Work order: Copy each entry below unchanged; the images do not go in the copy.

#### Provided material ####

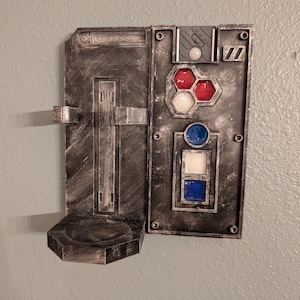 May include: A weathered, metallic-looking wall-mounted panel with a hinged section and a small shelf. The panel features various colored geometric shapes, including red, white, and blue, and a series of rectangular and circular elements. The overall design suggests a sci-fi or industrial aesthetic.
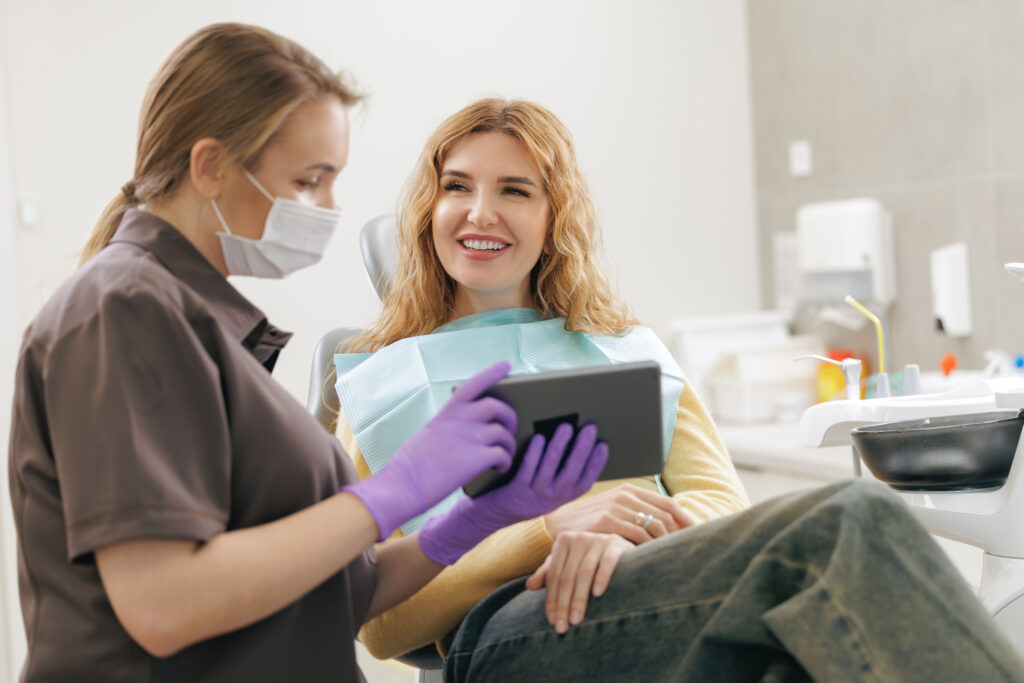 Doctor use tablet computer in stomatology. Young caucasian female at dental checkup with dentist in modern clinic.
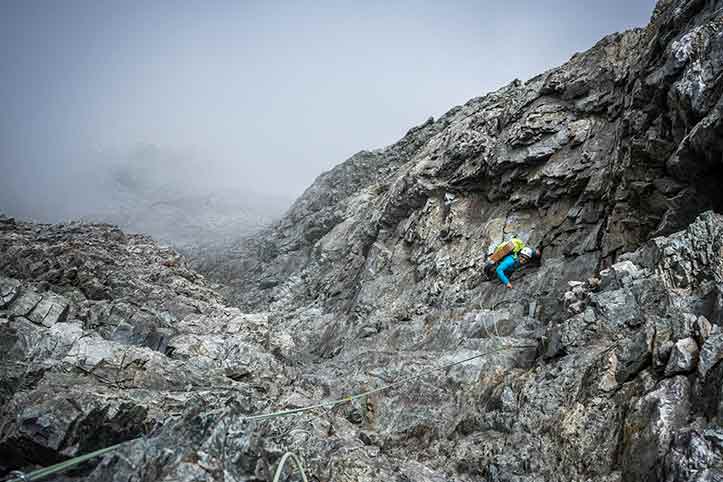 Rock climbing in mountains with a guide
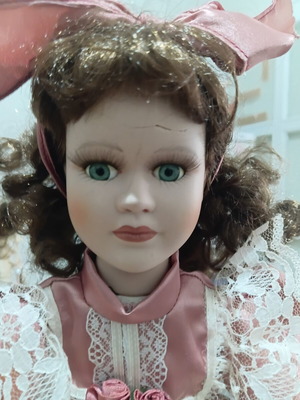 Porcelain doll used with cracked forehead from fall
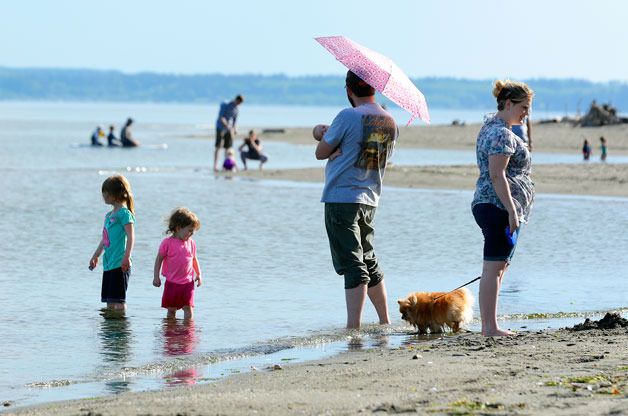 Warm temperatures and sunny skies brought the crowds to Double Bluff Beach Park on Monday. People walked dogs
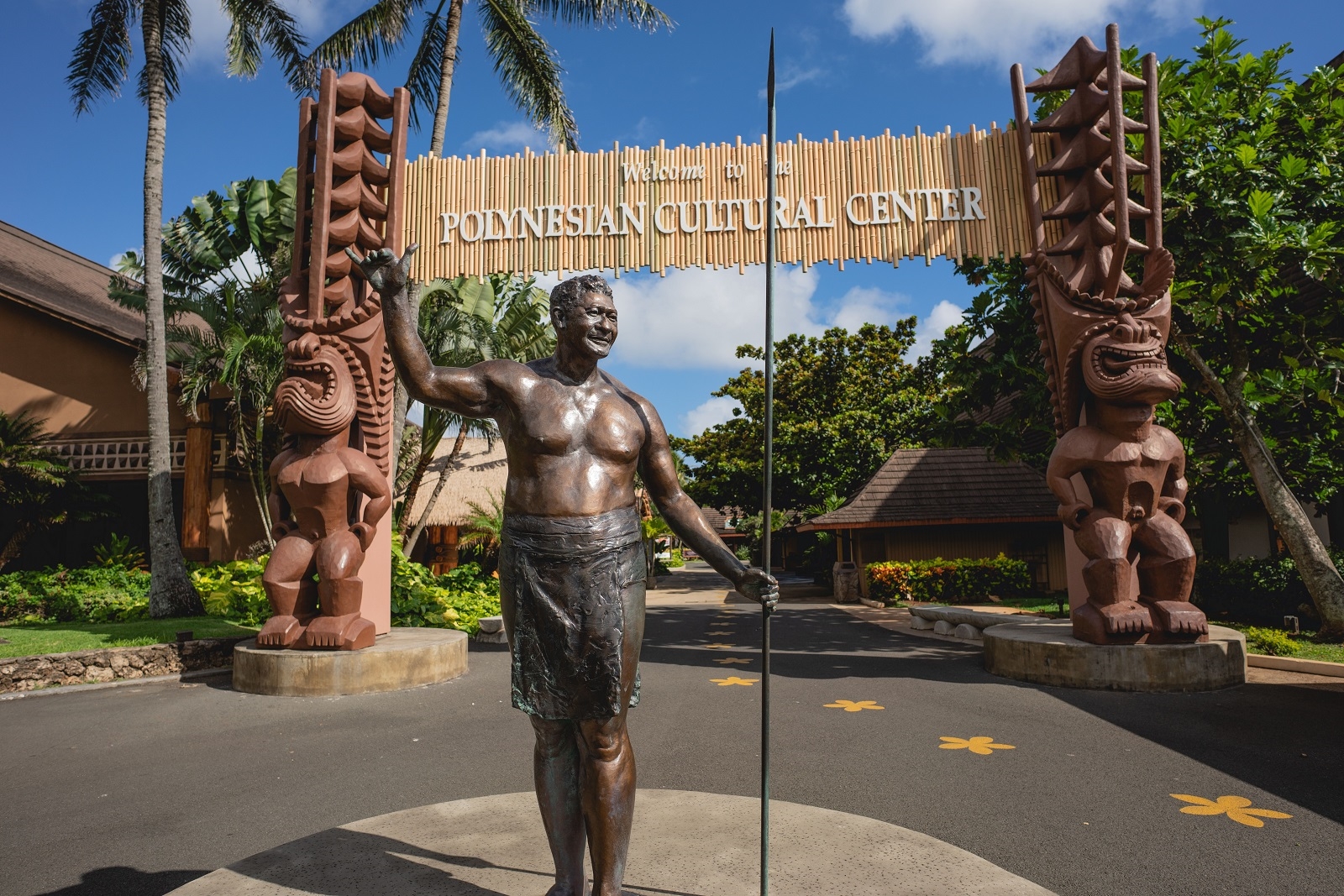 photo of bronze statue of Hamana Kalili and two hand carved tiki statues at the Polynesian Cultural Center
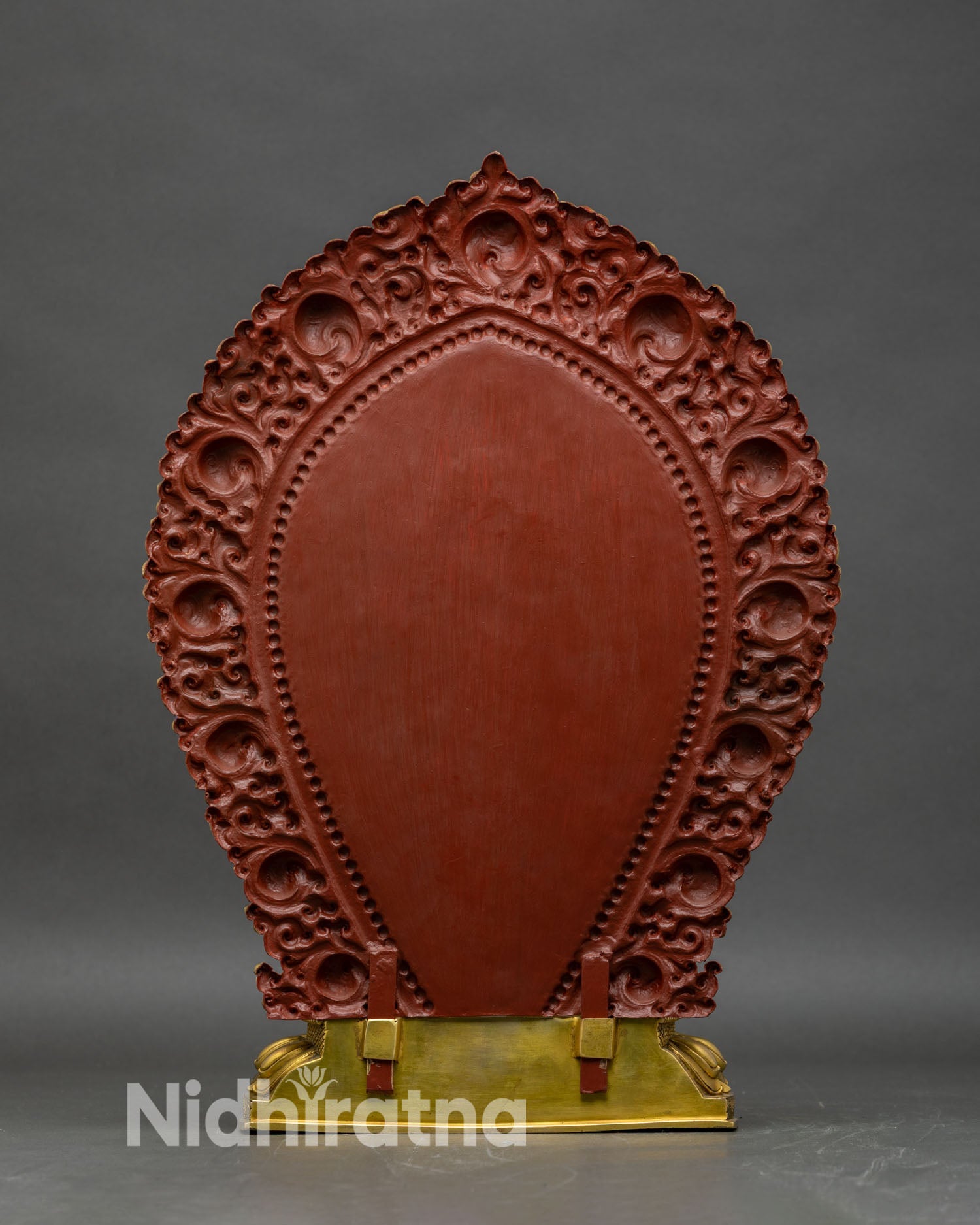 Back view of Achi Chokyi Drolma, detailed floral scrollwork halo and lotus base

####

Solved problem:
 May include: A weathered, metallic-looking wall-mounted panel with a hinged section and a small shelf. The panel features various colored geometric shapes, including red, white, and blue, and a series of rectangular and circular elements. The overall design suggests a sci-fi or industrial aesthetic.
 Doctor use tablet computer in stomatology. Young caucasian female at dental checkup with dentist in modern clinic.
 Rock climbing in mountains with a guide
 Porcelain doll used with cracked forehead from fall
 Warm temperatures and sunny skies brought the crowds to Double Bluff Beach Park on Monday. People walked dogs
 photo of bronze statue of Hamana Kalili and two hand carved tiki statues at the Polynesian Cultural Center
 Back view of Achi Chokyi Drolma, detailed floral scrollwork halo and lotus base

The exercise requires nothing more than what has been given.